# EXERCISE OBJECTIVE:
Within the listing below, locate all lines containing the word "buildings". Copy each one.

# DATA TO USE:
# # # #
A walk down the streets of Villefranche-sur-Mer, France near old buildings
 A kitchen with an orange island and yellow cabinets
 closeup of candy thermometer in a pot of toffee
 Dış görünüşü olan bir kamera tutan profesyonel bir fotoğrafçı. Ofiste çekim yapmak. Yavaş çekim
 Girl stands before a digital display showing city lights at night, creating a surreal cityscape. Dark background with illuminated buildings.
# # # #
# ANSWER AREA:
A walk down the streets of Villefranche-sur-Mer, France near old buildings
 Girl stands before a digital display showing city lights at night, creating a surreal cityscape. Dark background with illuminated buildings.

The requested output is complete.